Wednesday, June 10, 2009
IN THE CAPITAL DURING THE WAR
Towards the end of World War II, there was a real probability of Japanese air raids and Delhi was under strict blackout. A sharp whistle from the street would send us scurrying to check the curtains.
When we arrived on a fine spring day in 1943, Luteyn’s New Delhi was a revelation. Built to commemorate the British Empire, it was a poem of symmetry and sovereignity. The wide boulevards and avenues lined with flowering trees were interlinked by roundabouts of greenery. Built in sandstone on the site of seven fallen cities, it was meant to last forever. As the jewel in the crown, the British kept it immaculate.
My husband had been loaned by his firm to the Government for the war’s duration. Our first accommodation was in Western Court, a temporary shelter for civil and defence officers. I still remember its large rooms, standard government furniture and terrible cuisine. The war was in full swing. New Delhi was crammed to capacity.

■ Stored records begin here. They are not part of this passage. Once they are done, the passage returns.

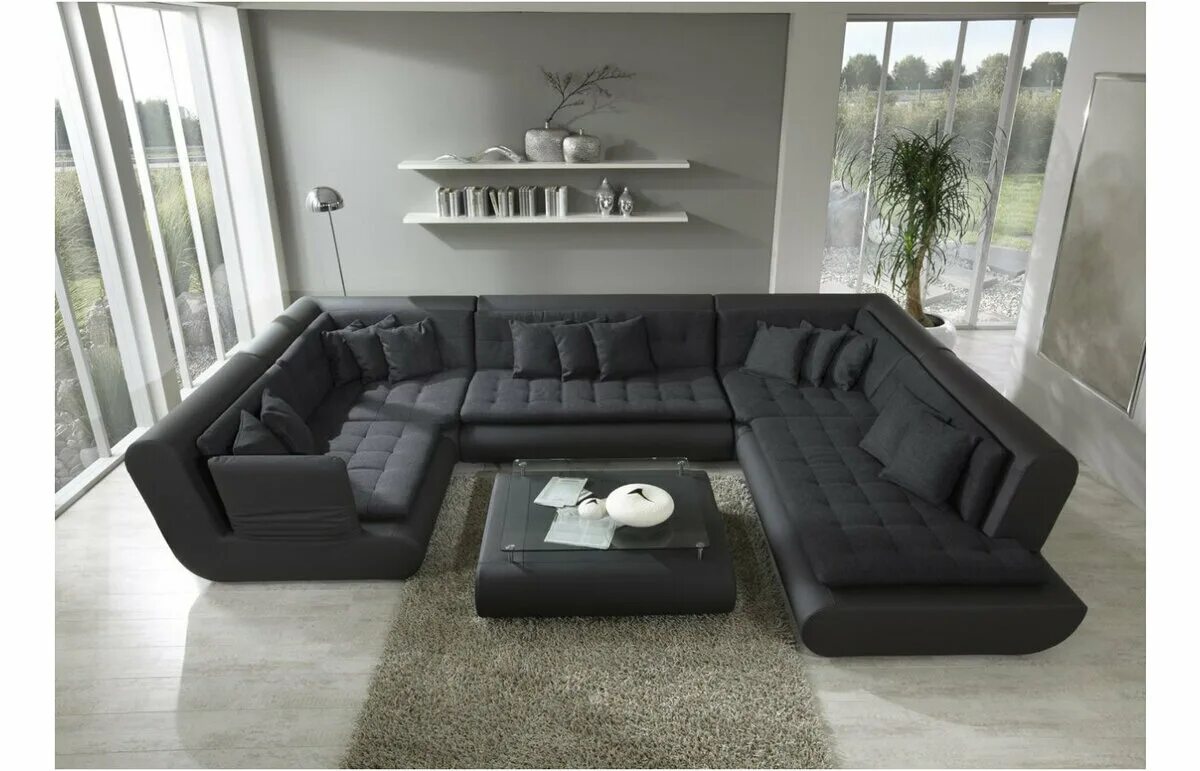 Большие диваны фото. П-образный диван в гостиную. П-образные диваны для гостиной. Диван буквой п. Огромные модульные диваны.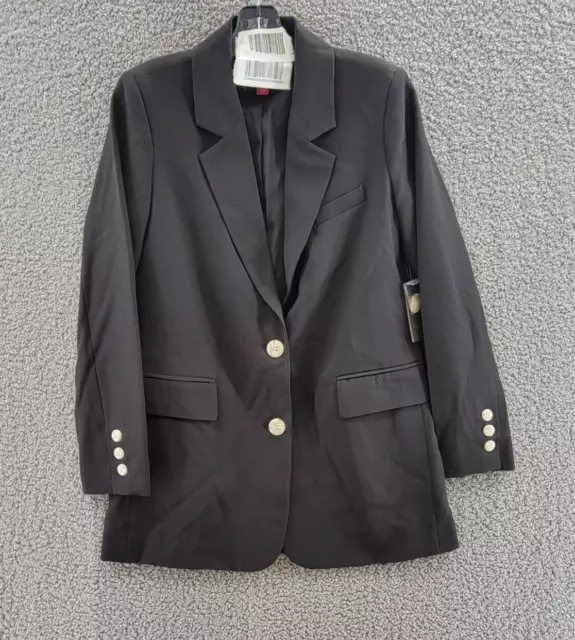 VINCE CAMUTO Office Business Two-Button Blazer Women's 4 Rich Black Long Sleeves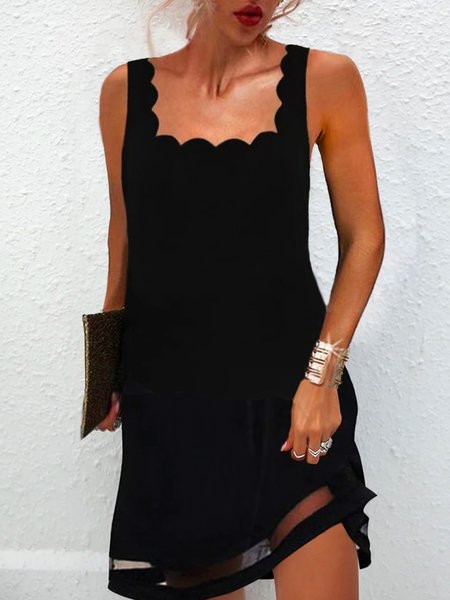 

Square Neck Short Sleeve Knit Dress, Black, Mini Dresses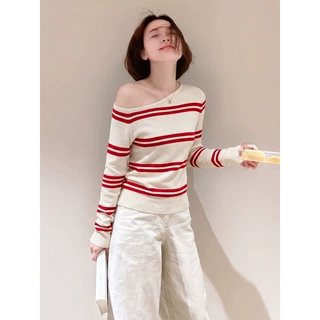 红白条纹斜肩露肩长袖T恤女2026新款早秋漂亮穿搭绝美单穿小上衣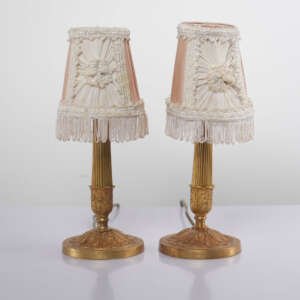 Pair of French Antique Louis XVI Style Gilt Bronze Table Lamps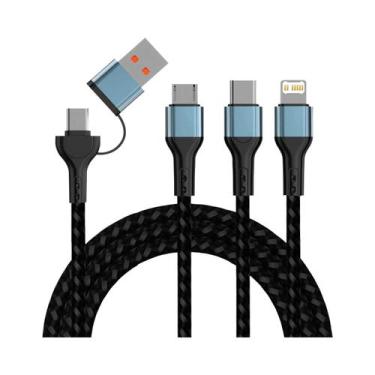 Imagem de Cabo USB Tipo C Universal 3 Em 1 Para Samsung Xiaomi Huawei iPhone 16 
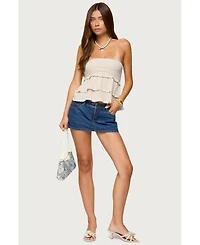 Edikted Women's Linen Look Strapless Peplum Top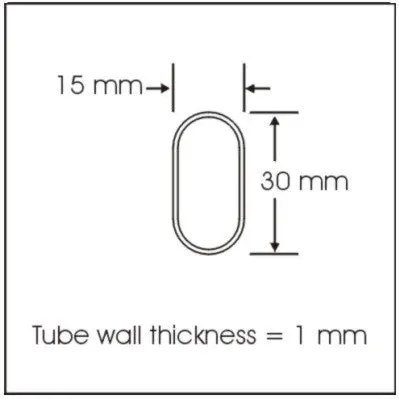 6ft Oval Aluminum Closet Rod, Matte Black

Soon we were desperate for a place of our own. The food didn’t suit our little son and he was clearly unhappy. Then someone in my husband’s office hesitantly offered to rent a part of his house in Karol Bagh. We went to look. It was new, small and seemed all right. The rooms were tiny, the kitchen a disaster. Maria and I looked in dismay. Sitting on a low school and cooking with firewood had not been my vision of life in New Delhi. Parsi girls were usually sent to cooking and sewing classes after finishing school.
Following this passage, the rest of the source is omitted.